Tous les réglages ne sont pas pour autant contenus dans YaST. Pour simplifier, disons que ce dernier concentre tout ce qui touche aux réglages « lourds ». Ceux liés à l’utilisateur se trouvent dans « Configuration du système ». Dans ce panneau, on trouve notamment le thème, l’apparence des applications, les polices, le comportement général des fenêtres, les comptes utilisateurs ou encore les applications par défaut.

C’est par exemple dans cette fenêtre que vous trouverez comment passer au double-clic pour ouvrir les éléments, openSUSE fonctionnant sur clic unique par défaut : Comportement de l’espace de travail > Comportement général > Comportement des clics. À l’instar de macOS, vous pourrez définir des actions à déclencher dans Bords de l’écran.

Revenons à YaST pour un dernier point : la possibilité de récupérer un noyau Linux sans aucune modification. Le paquet à chercher est kernel-vanilla et son installation n’est pas sans danger. Le noyau récupéré ne contiendra en effet aucun des patchs spécifiques à SUSE, dont l'intégration de nombreux pilotes, mais il pourrait permettre la résolution de certains problèmes liés au matériel s’ils se présentent.

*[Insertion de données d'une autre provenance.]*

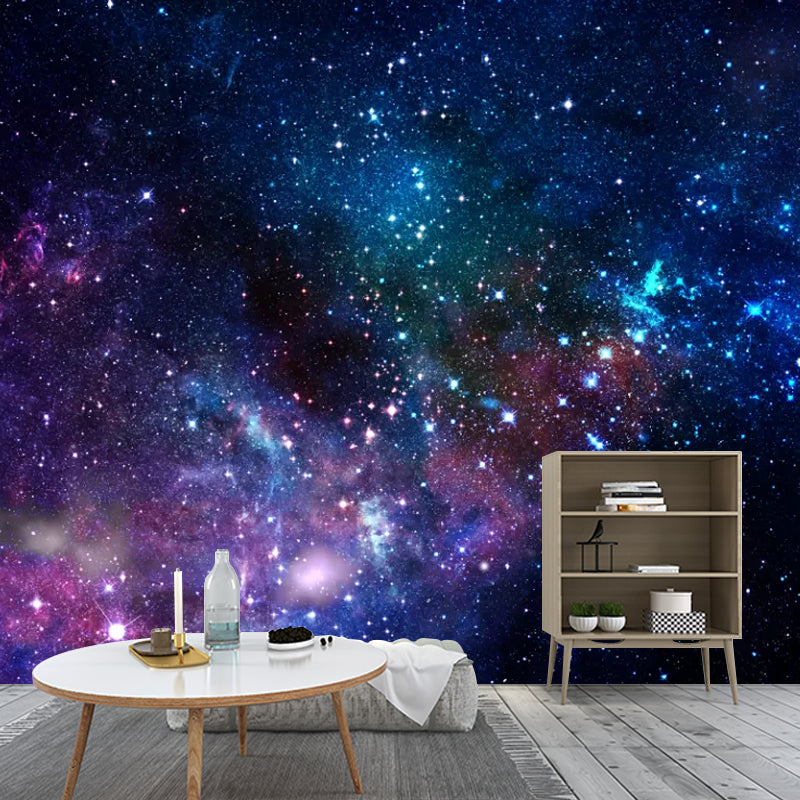 Minimalist Nebula Wall Mural Decal for Bedroom Decoration, Custom-Printed Wall Art in Blue and Purple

Une fois kernel-vanilla installé, il faudra donc se rendre dans YaST > Chargeur d’amorçage > Options du chargeur d’amorçage. Là, vous verrez une liste déroulante, dans laquelle vous pourrez sélectionner le nouveau venu. Si vous avez plus de problème que vous n’en résolvez avec cette manipulation, il faudra réinstaller le noyau classique car l’arrivée de kernel-vanilla efface automatiquement l’ancien.

openSUSE

Sachez qu’il est possible, pour des personnes plus avancées dans l’utilisation de Linux, de passer par un système de multiversion. Il permet l’installation de plusieurs noyaux en parallèle sans rien désinstaller. On peut alors tester des versions sans trop de dangers. La documentation d’openSUSE (très complète, mais en anglais) contient des explications claires sur le sujet.

Une distribution stable et rapide, avec peu de défauts

Le temps passé sur openSUSE a été agréable pour plusieurs raisons. D’abord sa réactivité générale, excellente. Le système ne se fait pas désirer, les applications se lancent vite et l’ensemble renvoie un réel sentiment de sérieux.

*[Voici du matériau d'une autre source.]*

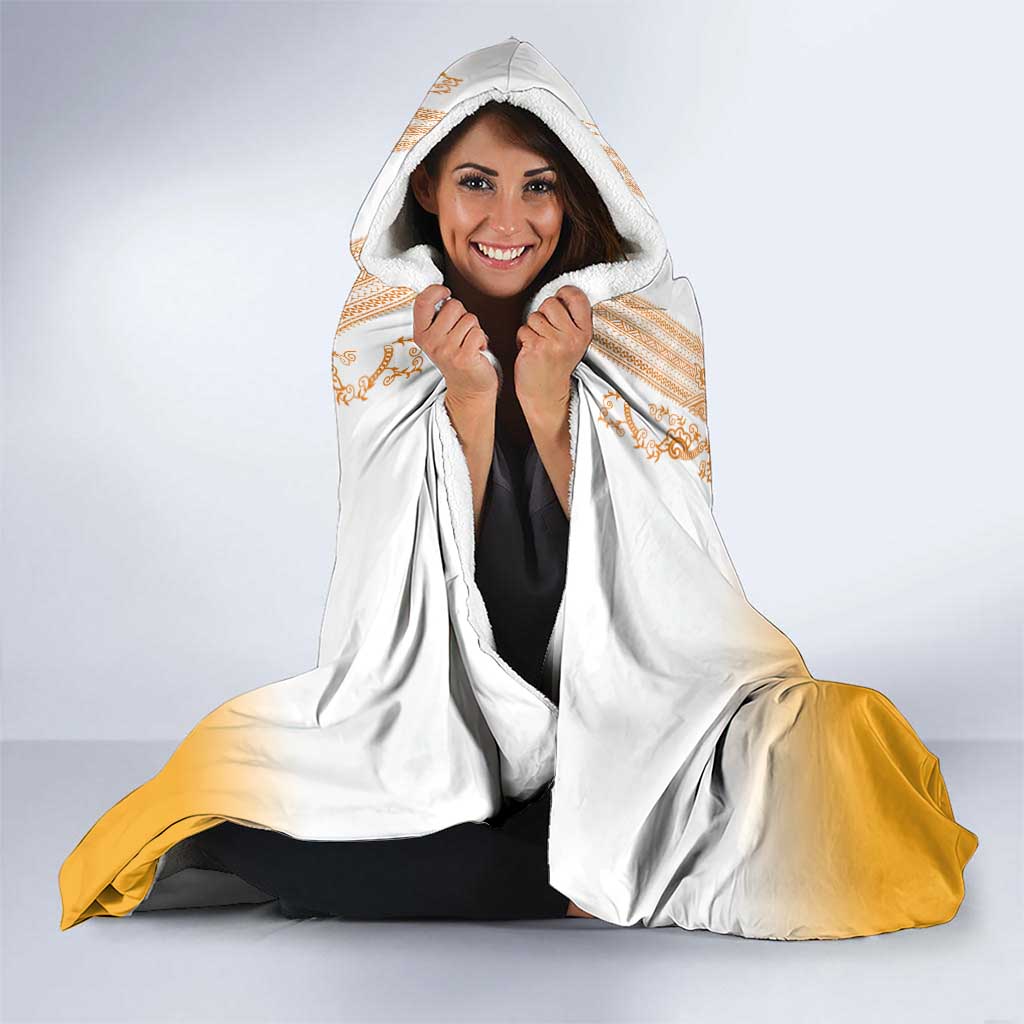 Philippines Barong Style Hooded Blanket with Polynesian Art and Leaf Motif Yellow Color LT03 - Polynesian Pride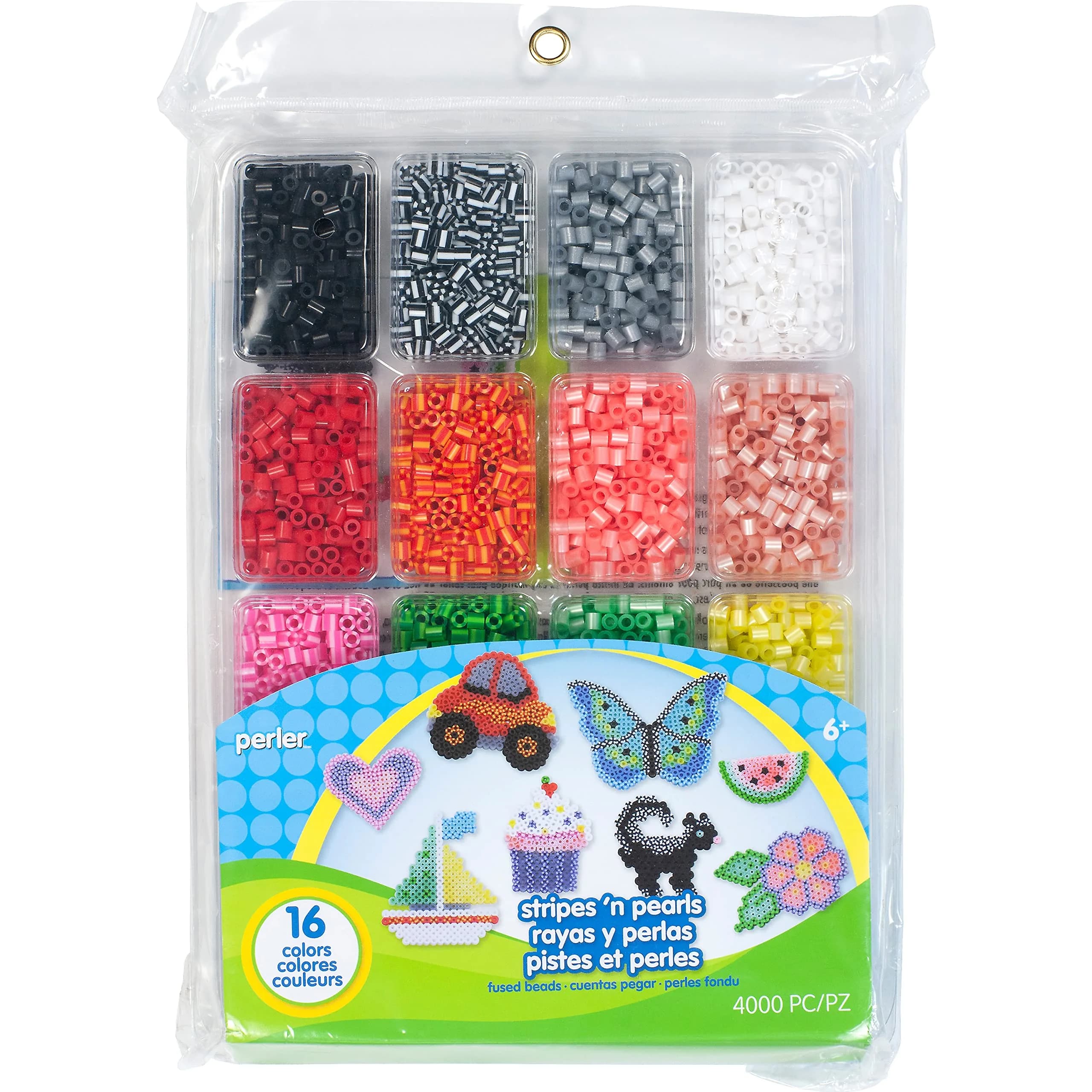 Perler Beads Stripes 'n Pearls Fuse Beads 4000 Count with Storage Tray | Ages 6+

Ensuite, parce que les promesses de stabilité et plus généralement de fiabilité sont tenues. Le système a d’ailleurs une carte à jouer avec la disparition en cours de CentOS, à qui il se compare d’ailleurs plus volontiers qu’avec Fedora. Alors certes on ne se tournera pas vers openSUSE pour tester les dernières technologies, mais ce n’est pas son objectif. Ce n’est pas un hasard si la distribution est déclinée aussi en version Server. Et la rolling release Tumbleweed est là pour avoir des paquets beaucoup plus récents (le noyau est en version 5.13 par exemple).

Notez en outre que le système est disponible pour bon nombre de plateformes. D’abord tout ce qui contient au moins un processeur x86_64 (les modèles 32 bits ne sont plus pris en charge, sauf par Tumbleweed), ainsi que les serveurs PowerPC (ppc64le), les équipements UEFI ARM 64 bits (aarch64) ainsi que les infrastructures s390x. À chaque fois on trouve une image complète et une installation réseau.

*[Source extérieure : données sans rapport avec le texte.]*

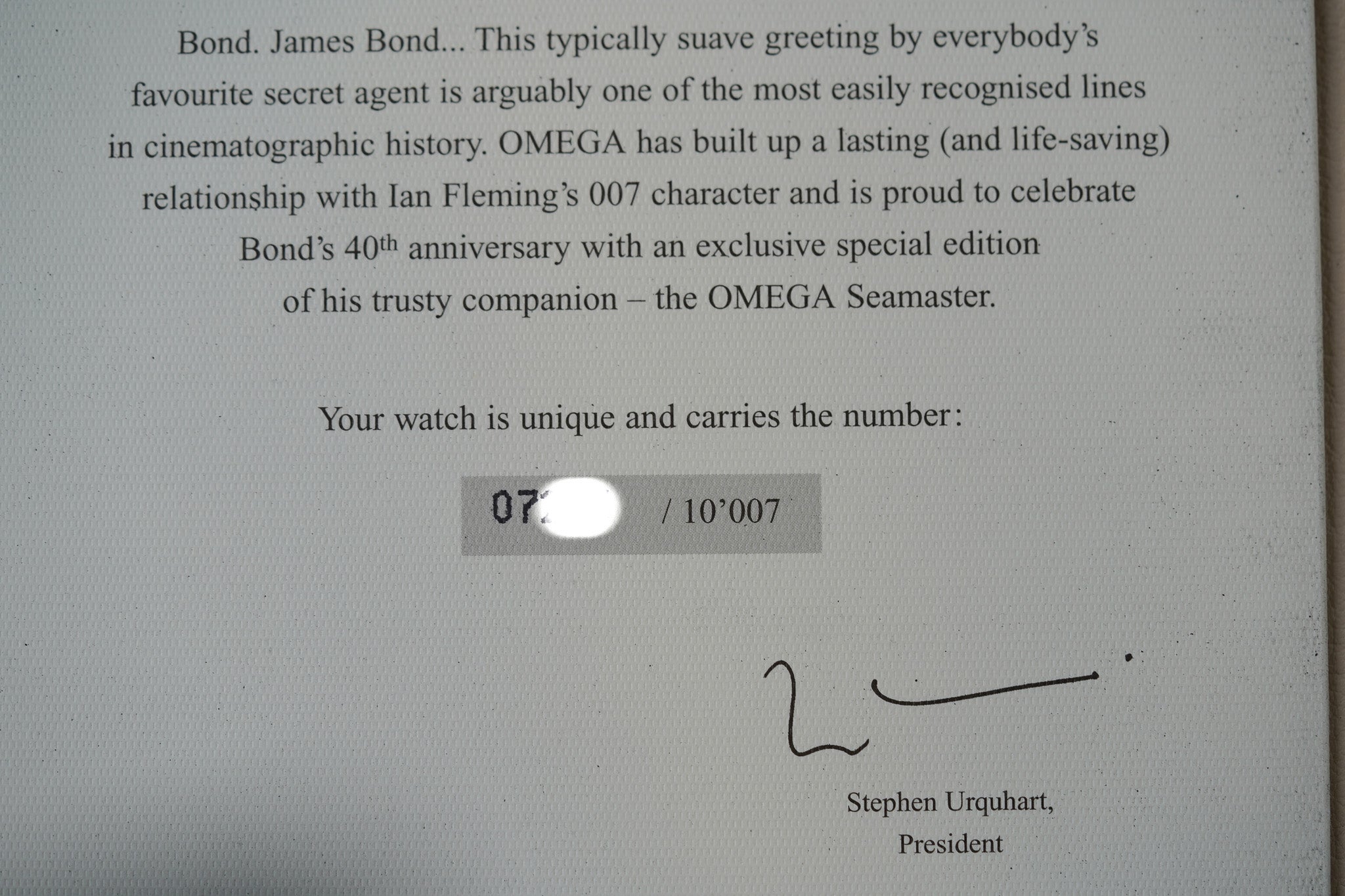 Omega Seamaster 300M James Bond 40th Anniversary 2537.80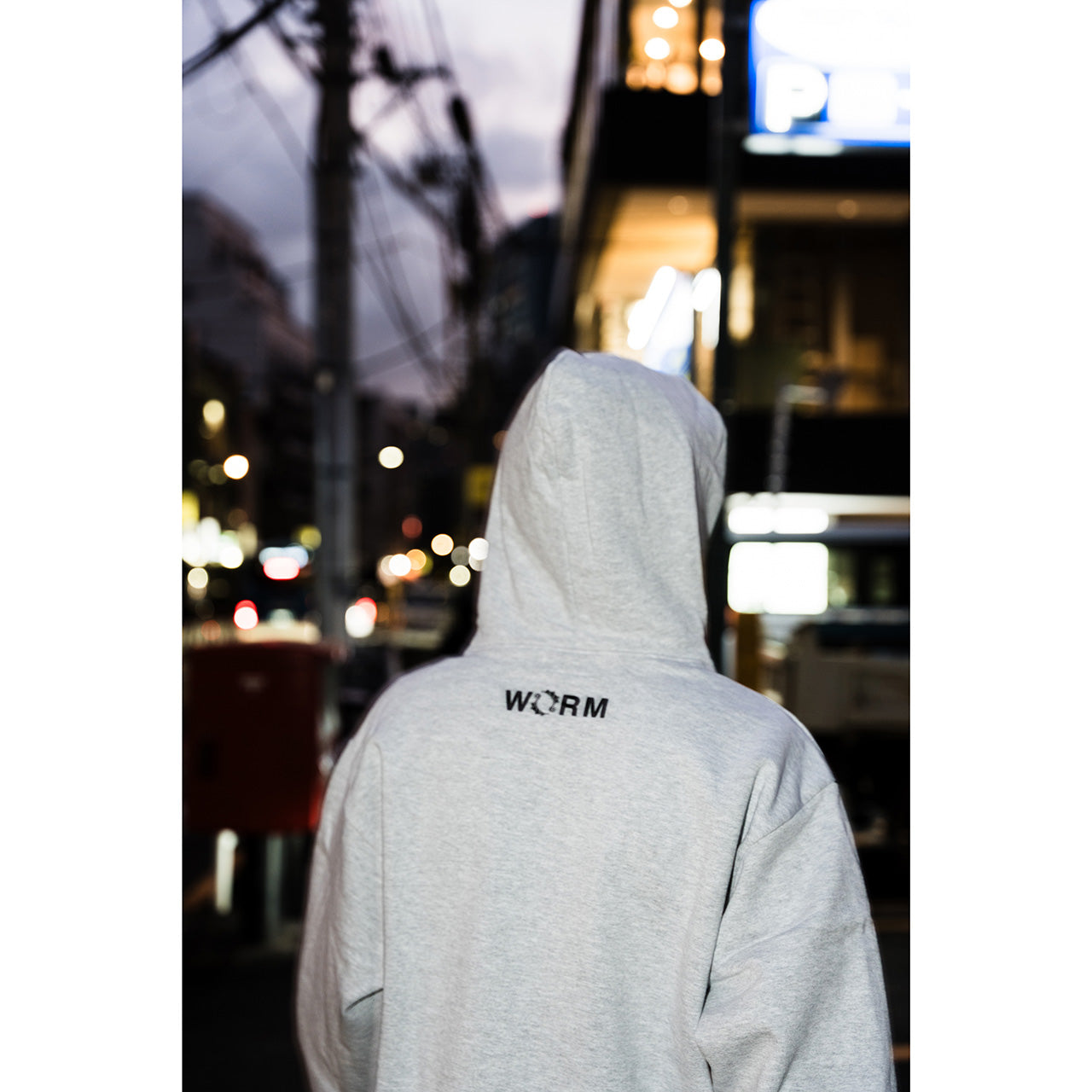WORM LOGO Zip-Up Hoodie Ash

On apprécie également la diversité de la distribution. Donner la capacité d’installer l’environnement de bureau que l’on souhaite parmi les trois plus connus est un bon point, aucun n'étant privilégié. Elle ne se limite d’ailleurs pas à ces trois une fois installée, car on peut se servir de YaST pour en installer d’autres, comme Cinnamon ou MATE.

Dans son état actuel, openSUSE a peu de défauts. Un effort pourrait être fait sur la manière de découvrir et installer de nouveaux logiciels. Actuellement, le menu met l’accent sur Discover qui montre rapidement ses limites. Certes la ligne de commande et YaST remplissent bien leur mission, mais dans l’optique d’un système que l’on découvre, cette partie de la prise en main est moins évidente. En outre, certains textes dans la distribution ne sont pas traduits en français, mais le souci est moins prégnant que dans Solus.

openSUSE est donc une distribution efficace, dans laquelle les quelques jeux installés paraissent presque saugrenus. Très classique dans sa forme et sa présentation, elle réserve peu de surprises. Certaines personnes la trouveront donc ennuyeuse, alors qu’elle répondra parfaitement aux besoins des autres.